The dilemma is shared around the world as the United Nations projects that about 30 countries will be water-scarce by 2025, compared with 20 in 1990. Chinese officials in February said water shortages are growing, with two-thirds of the cities suffering a dearth. Concerns over water have led farmers in India to block roads and rail lines, even committing suicide, to protest coal plant construction that affects irrigation supplies. Water shortages and grazing land disputes in Kenya, East Africa’s biggest economy, have led to deadly conflicts.
In South Africa, water use has surged since apartheid’s end in 1994. The economy has more than doubled in size and 95 percent of the 50.6 million population now has access to potable water within 200 meters (656 feet) of their homes. From 1995 to 2005 municipal water use per capita rose by 38 percent, according to the UN Food and Agriculture Organization.
POWER SHORTAGES
Investment in water infrastructure has lagged behind as the government focuses on other spending priorities, including new power plants to avoid a repeat of electricity shortages that shut mines and factories in 2008.
Power projects account for about 61 percent of 3.2 trillion rand worth of infrastructure projects the government is considering implementing by 2020, while water accounts for just 2 percent, according to the National Treasury.
“There’s no water for expansion,” said Greeff, a third- generation farmer who exports table grapes and provides jobs for 20 families. “Industries and towns get bigger and bigger and then they take water away from the farmers.”
Farming uses about 60 percent of South Africa’s water, while about 5.5 percent goes to mines and factories. The country is the world’s biggest orange exporter and matches the U.S. as the world’s largest grapefruit exporter, U.S. Department of Agriculture data shows.
EXPORT GENERATOR
While most mines have sufficient water, platinum operations in arid areas risk running dry, Nikisi Lesufi, senior executive of health and environment at the Chamber of Mines, said in an interview. Platinum mines employed 182,000 people in 2010, 37 percent of the mining workforce, Chamber data shows.
Water scarcity constitutes a “very real” threat, Johannesburg-based Anglo American Platinum Ltd. (AMS), the world’s largest producer of the metal, said in a 2011 report.

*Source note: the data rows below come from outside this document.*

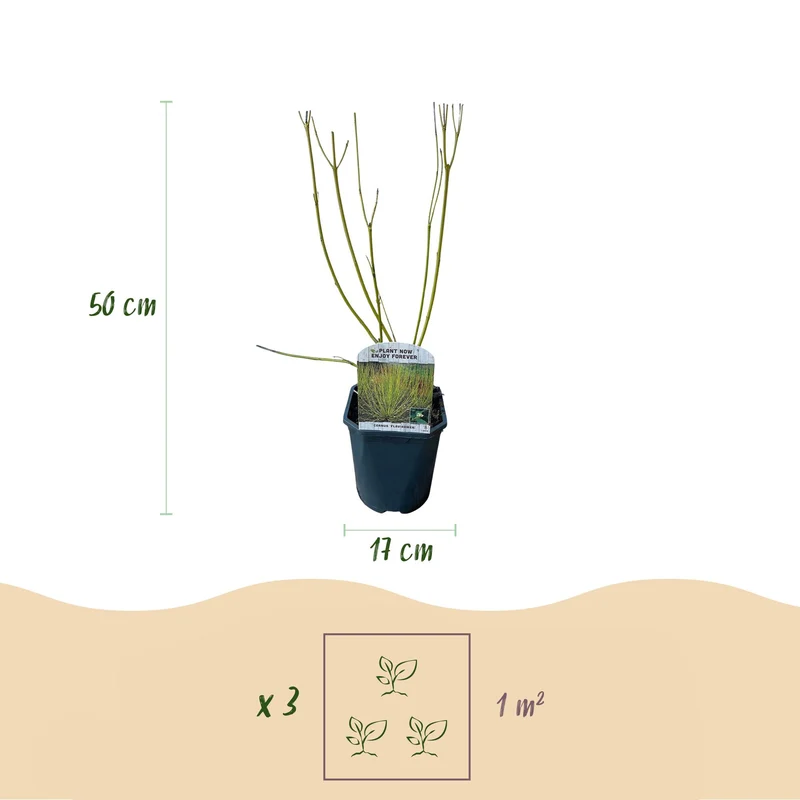 Cornus alba Flaviramea - Grüne Zweige - 1 Pflanze - Laubabwerfend - Wenig Pflege - Topf 17cm Höhe 45cm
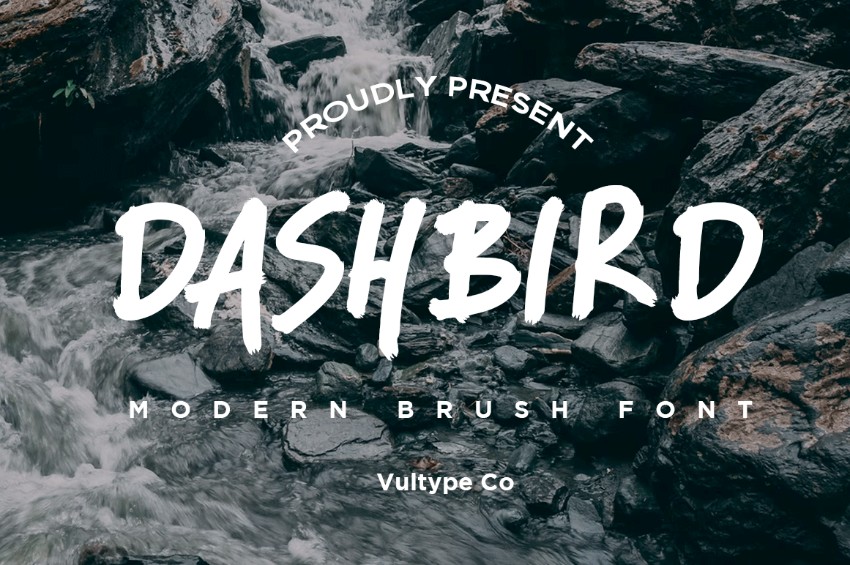 dashbird brush font best 2024 fonts font trends 2024 what are trendy fonts new fonts 2024 what is the best font 2024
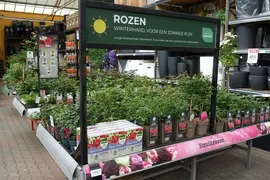 Rosa moonlight p17 h75 - afbeelding 2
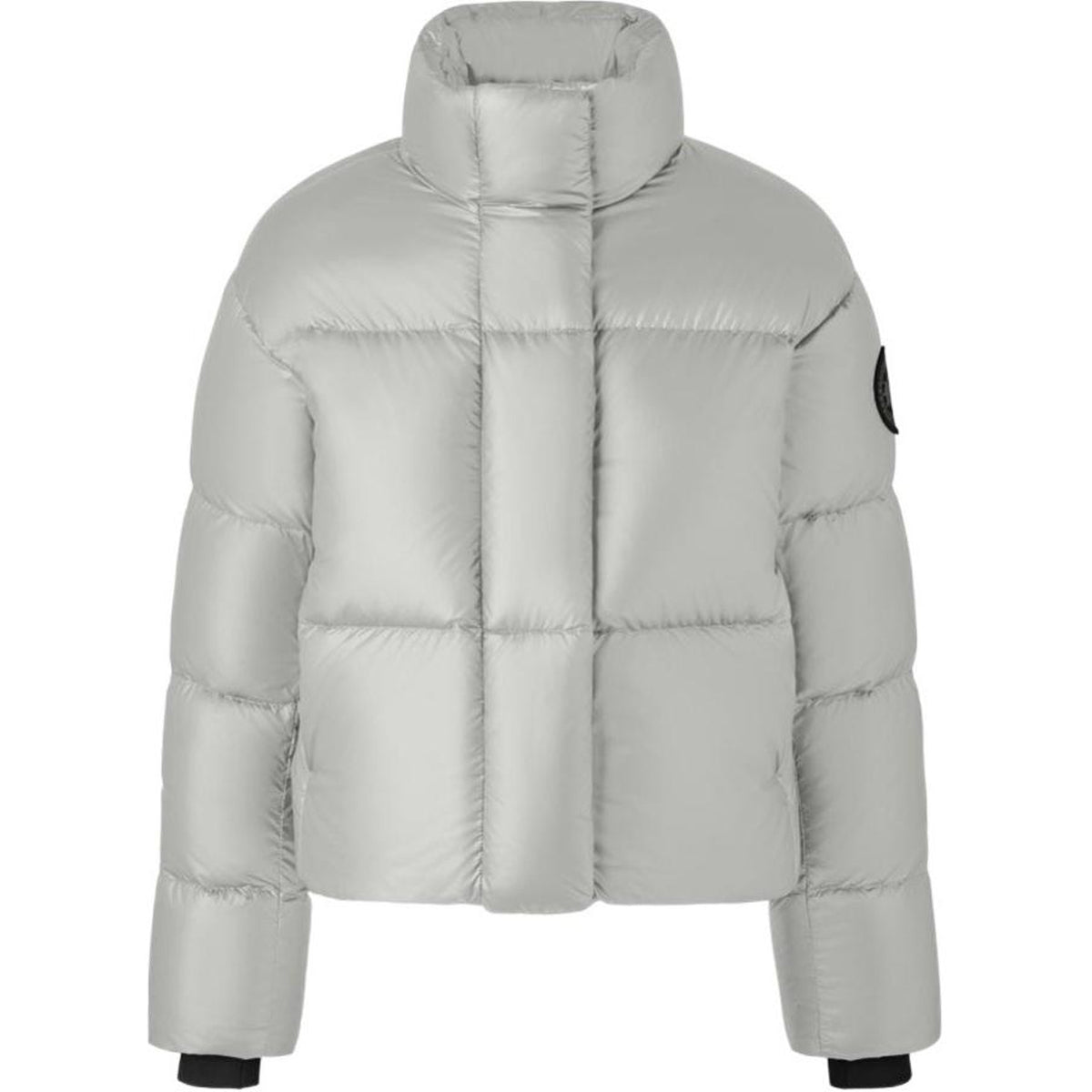 canada goose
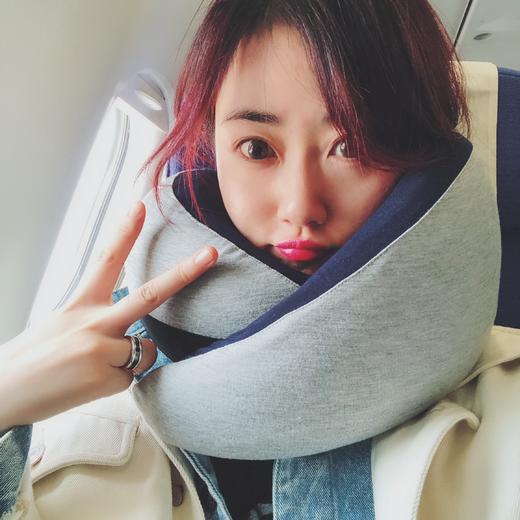 [屁侠推荐]西班牙设计 磁性记忆棉 护颈旅行 鸵鸟枕 商品图0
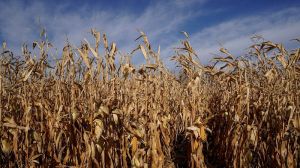 Середня врожайність кукурудзи на Черкащині у 2021 на 4,7 т/га вища, ніж минулого року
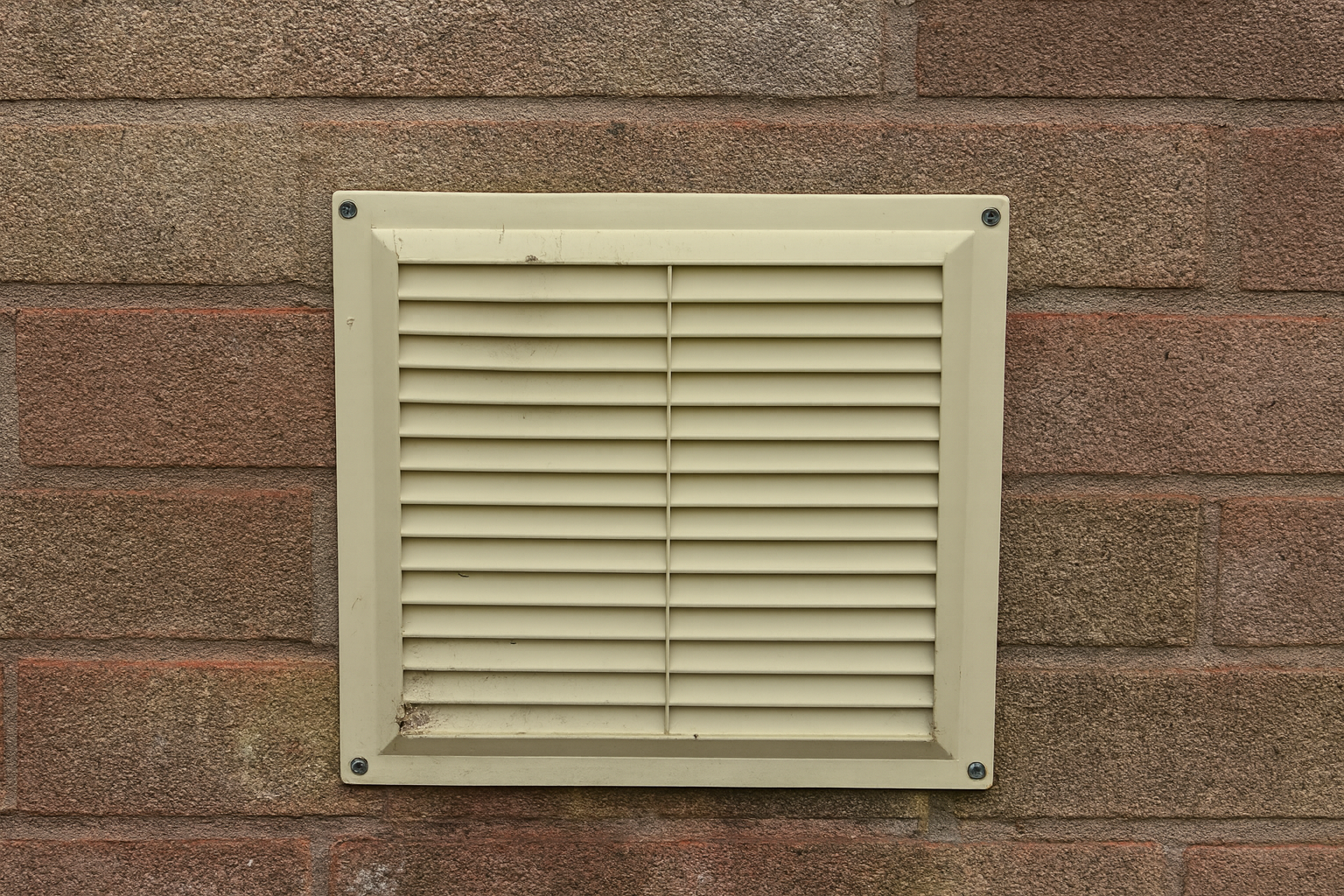 a beige colored squa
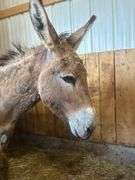 Jack Donkey - 7 Yrs Old - Friendly & Good w/ Livestock w/ Coggins Paperwork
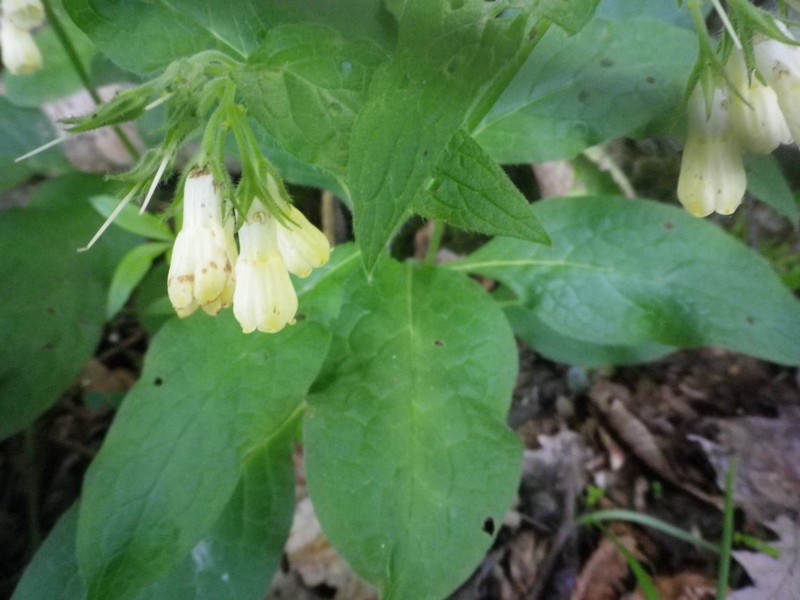 Fiori a piccoli grappoli - Symphytum tuberosum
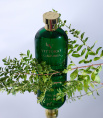 Vittorio - Nell 2025 Extrait De Parfum 100 ml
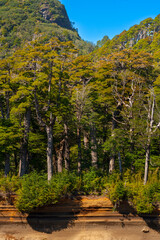 Forest in the hillside of Villarrica volcano at Southern Chile in the Auraucania Region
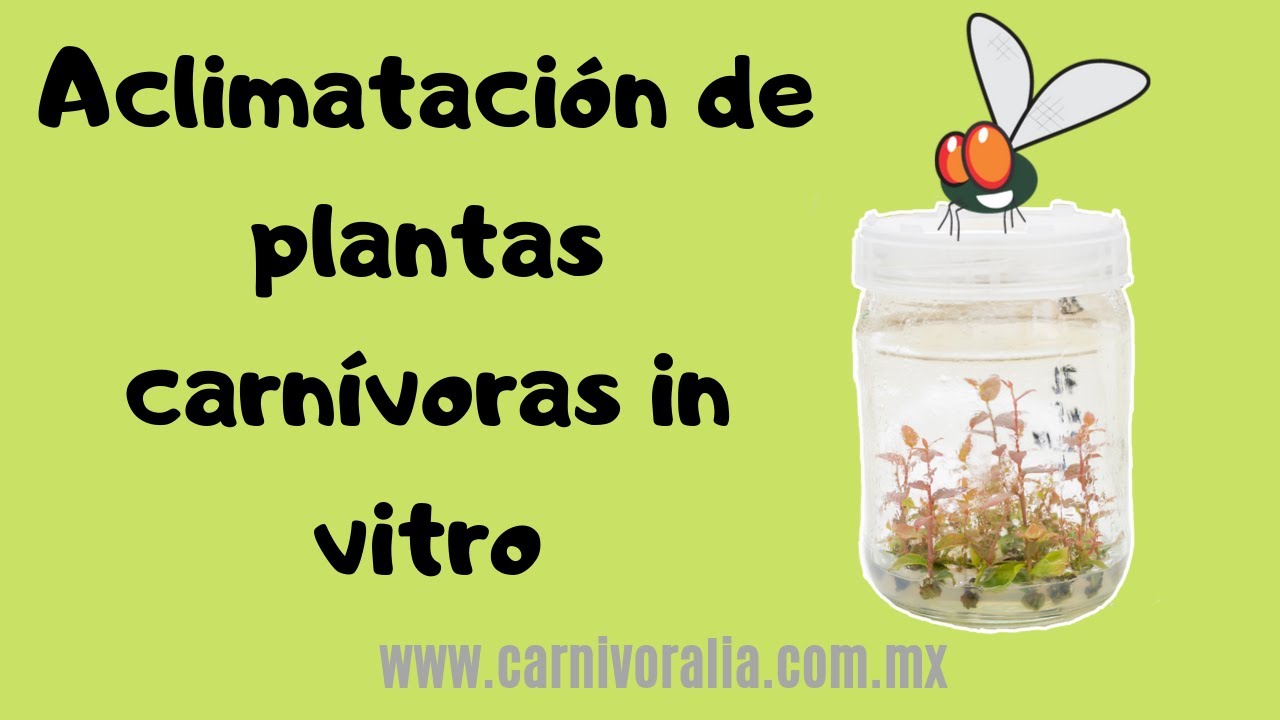 Cómo aclimatar FÁCILMENTE plantas carnívoras IN VITRO!! (MÍRALO)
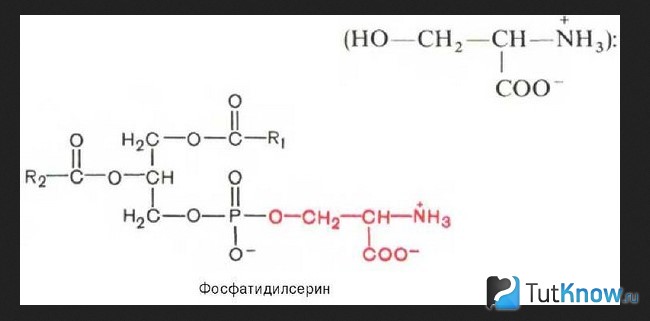 Формула Фосфатидилсерина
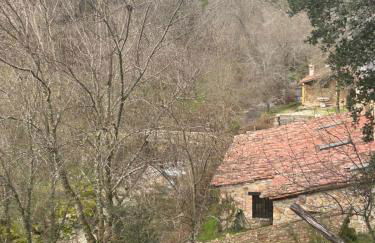 Antiguo Molino con piscina y chimenea en el valle del Tietar - Foto 6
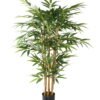 Artificial Tree Bamboo 6 in PP pot lvs 700 GS-30623001_1 Artificial Tree 90*90*120cm Bamboo *6 in PP pot /lvs 700 GS-30623001 Tree&Plant YeahFlower is one of Chinese leading OEM manufacturers and exporters , supplying the silk flowers, wholesale artificial trees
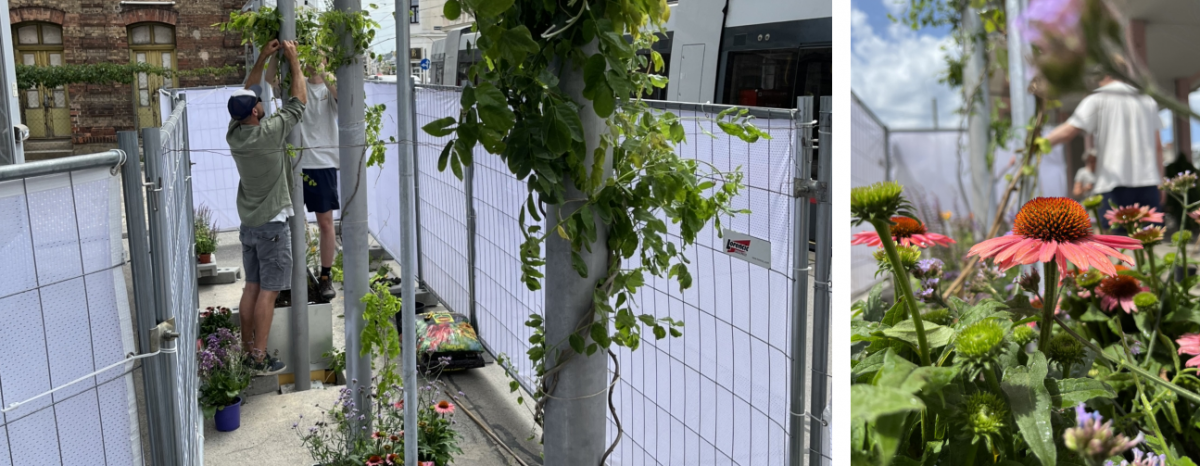 links: Pflanzen werden eingesetzt und an den Rankhilfen befestigt. rechts: Nahaufnahme der Blüten des Roten Sonnenhuts.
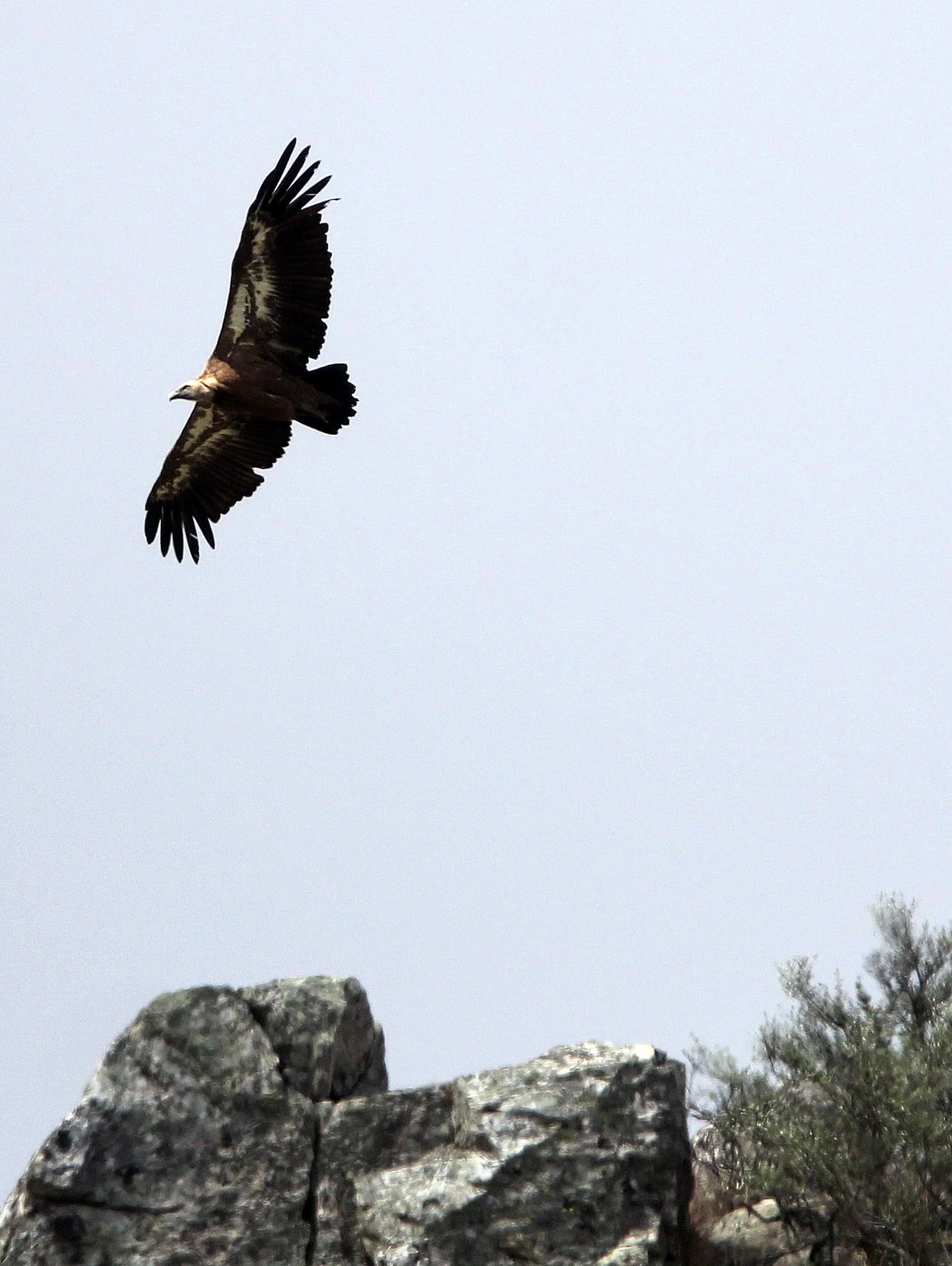 Gyps fulvus - GRIFFON (EUROPEAN GRIFFON) VULTURE - MONFRAGUE NATIONAL PARK SPAIN (6).JPG
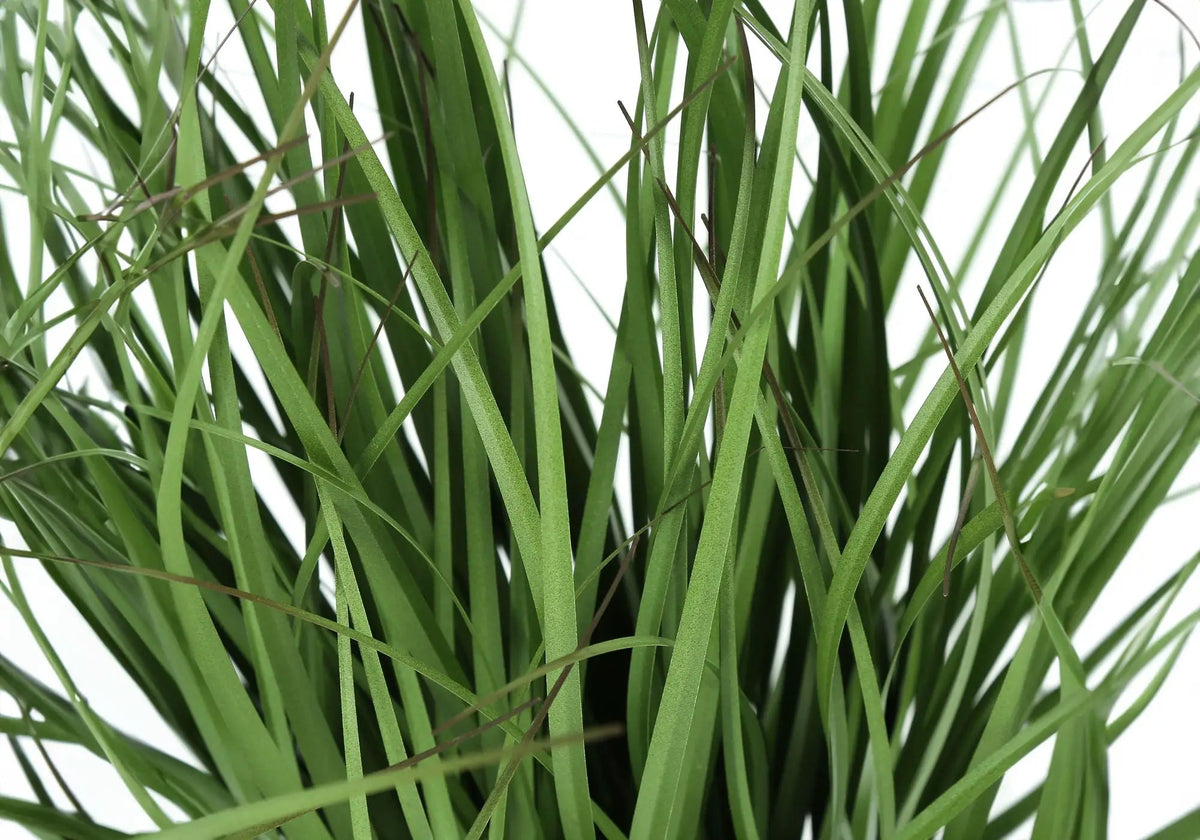 23 Inch Artificial Grass Plant | Real Touch | Indoor Faux Plant | Table Greenery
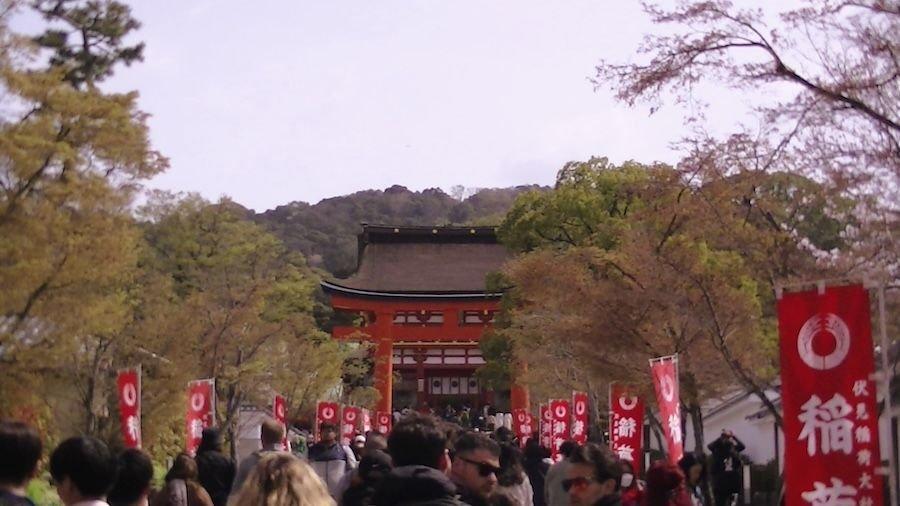 recomment-pack-image-1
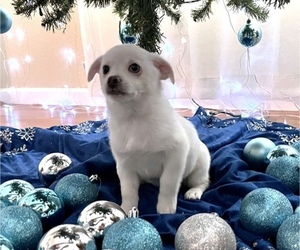 Chiweenie-Pomeranian Mix Puppy for sale in ANTELOPE, CA, USA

Impala needs additional water for its Afplats project and the company is trying to cut use at all its mines and plants, Skivington said in an interview from Johannesburg.
Insufficient water could prove the biggest constraint to mining coal in the Waterberg region, Exxaro Resources Ltd. (EXX) said on its website. Waterberg, in Limpopo Province, has about 75 billion metric tons of it, or 40 percent of South Africa’s coal resources, state power utility Eskom Holdings SOC Ltd. says.
WATER NEEDED
“The coal resources in this province without further water supply will not be able to be exploited,” Xavier Prevost, an industry consultant, said from Pretoria.
South Africa’s biggest water consumer is Eskom, which generates about 95 percent of the country’s power. Eskom has started a 500 billion-rand expansion to avoid blackouts, placing pressure on resources as it is given priority.
“We see water costs more than doubling in five years,” Nandha Govender, Eskom’s general manager of water and environmental affairs, said from Muldersdrift, north of Johannesburg.
The government seeks to curtail demand and waste and is pushing for greater use of groundwater, recycling and desalination.
“We don’t want development to be held back,” Helgaard Muller, deputy director-general at the water affairs department, said in Pretoria on August 27. “We can stretch what we have.”
Greeff doesn’t have faith in government plans even after President Jacob Zuma pledged in a February address to expand the Clanwilliam dam on which he relies.
“It will take donkey years,” Greeff said.